Hai! since i got bunch of cables from PSU i dont really use /planning to use like 4pin power,fdd cable,and few molex i was thinking to remove them .So i was wondering if anyone have done something like this before....i mean there are 2 options....to cut wires or open the PSU and remove them directly from the board.what do u suggest guys?
Also was thinking to make it modular (with Mic jacks and 25pin female/male connector). Any suggestions welcome
P.S: atm i dont have my digital cam so i cant show u the pics
Edit: Btw PSU is CM iGreen 600w (just out of warranty) aka. Octopuss


----------



## guitarfreaknation (Jul 19, 2010)

Sounds like fun but I would not trust some hombrew psu mod to run that sexy hardware of yours


----------



## Bassman_soundking (Jul 19, 2010)

Making it modular sound like fun, but it this psu is under warranty it wont be anymore once you cut a wire.


----------



## Laurijan (Jul 19, 2010)

I wouldnt do a mod like this but if you insist I suggest cutting the useless wires to about several cm length so that they are still long enough to isolate with like electrical tape.


----------



## guitarfreaknation (Jul 19, 2010)

Bassman_soundking said:


> Making it modular sound like fun, but it this psu is under warranty it wont be anymore once you cut a wire.





He did mention this vital fact lol.


Miljan88 said:


> Btw PSU is CM iGreen 600w (just out of warranty) aka.
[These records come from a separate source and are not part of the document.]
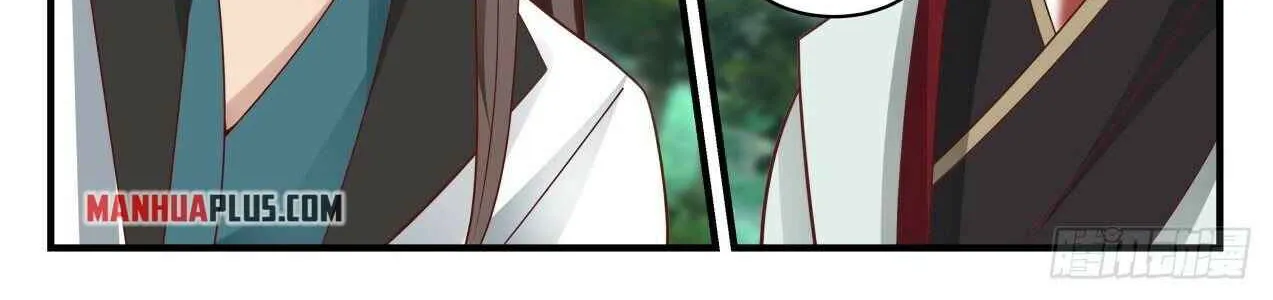 Read Martial Peak chapter 1722 image 17 on Lezhin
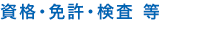 資格・免許・検査等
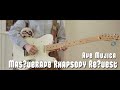 Ave Mujica 「 Mas?uerade Rhapsody Re?uest」 (Guitar Solo Cover) ギターで弾いてみた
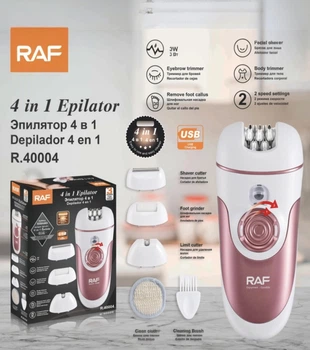 Эпилятор RAF R40004 безболезненная эпиляция компактный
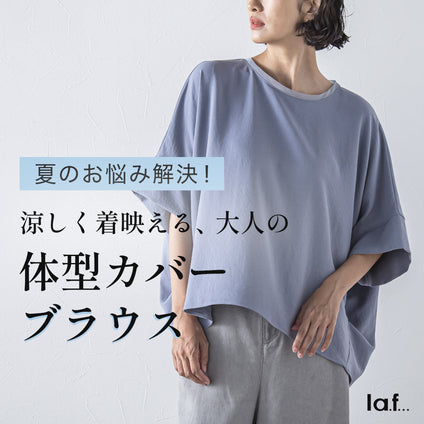 la.f...│夏のお悩み解決！涼しく着映える、

大人の体型カバーブラウス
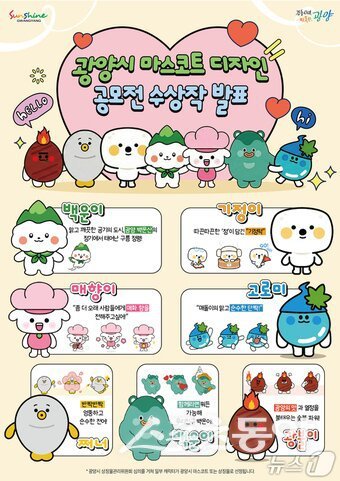 광양시 마스코트 디자인 공모전을 통해 최종 7개의 수상작을 선정했다. 사진제공=광양시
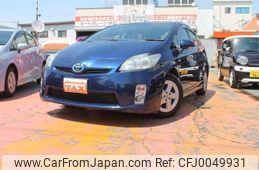 toyota prius 2009 quick_quick_DAA-ZVW30_ZVW30-1063885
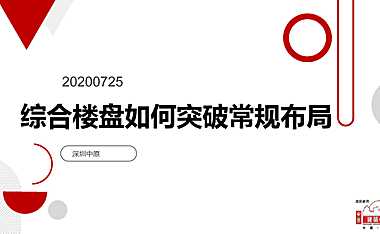 202008综合楼盘如何突破常规布局_深圳中原-房地产设计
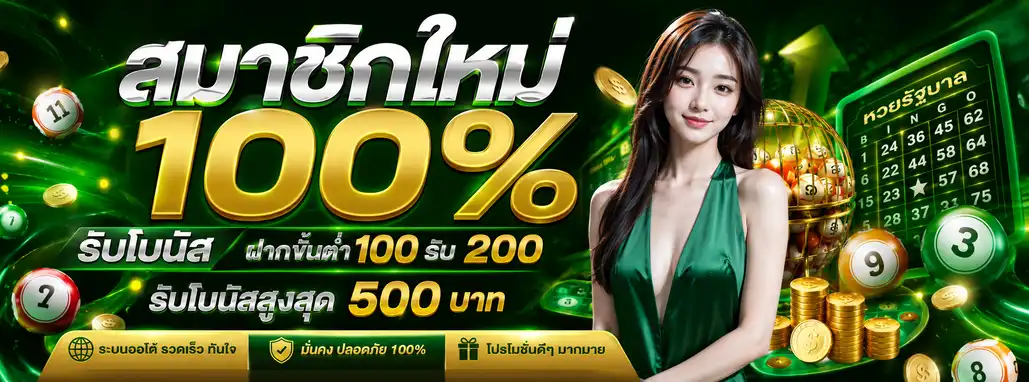 เล่น เว็บหวยลาว จ่าย จริง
Octopuss


----------



## Bassman_soundking (Jul 19, 2010)

guitarfreaknation said:


> He did mention this vital fact lol.



Lol, I need to learn to read.


----------



## Laurijan (Jul 19, 2010)

Laurijan said:


> I wouldnt do a mod like this but if you insist I suggest cutting the useless wires to about several cm length so that they are still long enough to isolate with like electrical tape.



Also I would drain out the PSU before the mod - just turn off machine then disconnect power cord after which I press the power-button on the PC which empties the capactors in the PSU after which I would start working on it.


----------



## guitarfreaknation (Jul 19, 2010)

No biggy. Have a "thanks"


----------



## Bassman_soundking (Jul 19, 2010)

Well if we find a good way to mod this psu to modular, I want to do it to my CorsairTX650, as it has wayyyy too many wires!!


----------



## Miljan88 (Jul 19, 2010)

Its out of warranty!yeh
Well i was looking over internet and found 2 different infos about draining the PSU....one guy from 3dgameman says that PSU needs erm like 10 mins to drain...and the other one from bit tech says 5 to 10 days:O
Anyway am thinking to cut wires to few cm...and than hide them inside of PSU(just in case) maybe i need em for later use so i can reconnect xD

this looks promising tho(but i am bad at soldering):







Whole thread is here: http://www.bit-tech.net/modding/2007/09/21/building_a_modular_psu/1

Edit: Cable sleeving guide (If u need Bassman soundking) http://www.xtremesystems.org/forums/showpost.php?p=3311964&postcount=1
(my PSU already got cables Sleeved)


----------